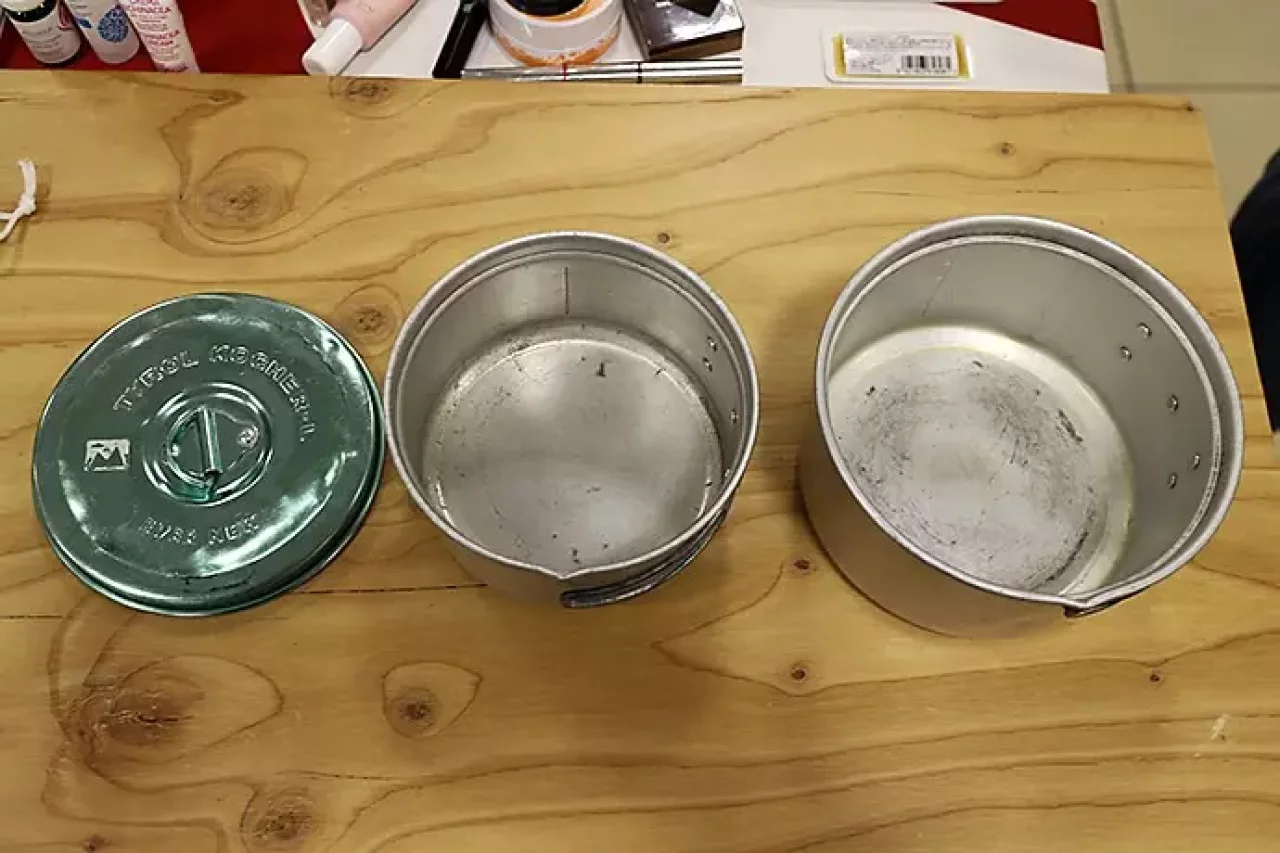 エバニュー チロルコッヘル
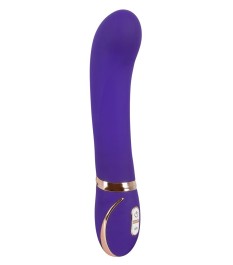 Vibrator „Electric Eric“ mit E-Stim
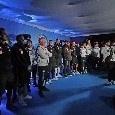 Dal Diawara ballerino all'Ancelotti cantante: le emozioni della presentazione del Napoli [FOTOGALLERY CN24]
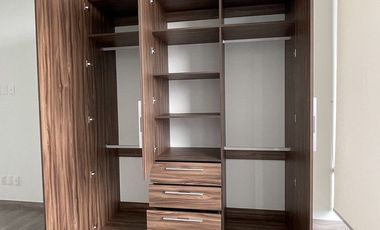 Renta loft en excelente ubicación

--

• [Exercise]
All of the data above should be quoted exactly, except for the pictures.

• [Answer for this exercise]
 エバニュー チロルコッヘル
 Vibrator „Electric Eric“ mit E-Stim
 Dal Diawara ballerino all'Ancelotti cantante: le emozioni della presentazione del Napoli [FOTOGALLERY CN24]
 Renta loft en excelente ubicación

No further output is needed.